Sunday, September 09, 2007

Authoritarians

I just finished reading an online book by a psychologist in Canada about authoritarianism. I recommend that you immediately read the book at the link, it is that good.

The ebook is a collection of experiments, surveys, and observations a professor did to determine the roots of authoritarian behaviour. At first, he only used one scale, the Right-Wing Authoritarianism or RWA, to pick out what kind of people are mindless followers (sheeple) and which are a bit more independently-minded. This scale worked for a long time, but didn't quite capture all the understanding in regards to authoritarian leaders. Hence, he introduced the Social Dominance scale, SD, to see who wanted to be the one on top in any situation. Using the two together, four distinct types of personalities emerged, each having unique characteristics, often defined by life experiences, that affirms what we always suspected to be true.

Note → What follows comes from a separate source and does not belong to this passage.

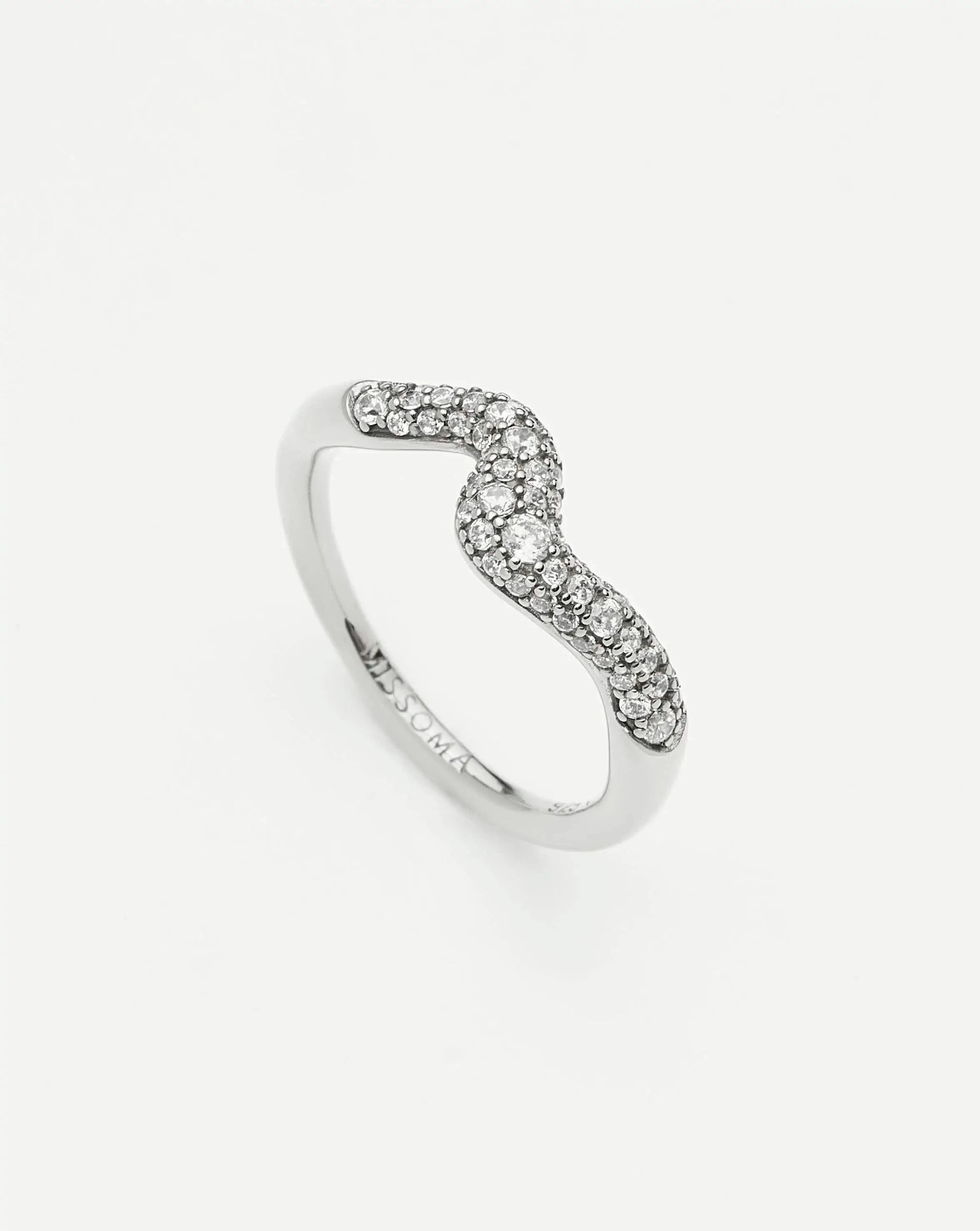 Molten Snow Stacking Ring | Sterling Silver/Cubic Zirconia Rings Missoma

In the chart below, which I spent all of three minutes making, we see 4 squares with a list of (some) attributes and an example of the type of person such attributes would create. This is not to be taken as entirely accurate in 100% of cases. Individual variation certainly allows for overlap and mixing of traits.
The examples by no means apply to all of those who bear the labels. Not all anarchists would score low on these two measures, and one can certainly be an asshole and yet not be authoritarian. But I was hoping the reader would notice that the traits seem to line up, because then it would make it far more convenient to refer to one category as "sheeple" instead of "those who have high RWA and low SD scores". I will try to describe each label so the reader gets a feel for the forces that help shape such behaviour.

Assholes

These happy people score high on RWA and SD both! They have a strong tendency to be religious, and to respect authority they deem higher than them (like God or the Pope). But if they suspect they can gain the upper hand in a situation and overthrow the current archon, they will not hesitate to act. They relish power and thoroughly enjoy controlling other people. Opposing viewpoints are brushed aside and ignored, or, if these interlopers are hindering their plans, assholes will deal with the matter above and beyond the law, as you must be aware they always were.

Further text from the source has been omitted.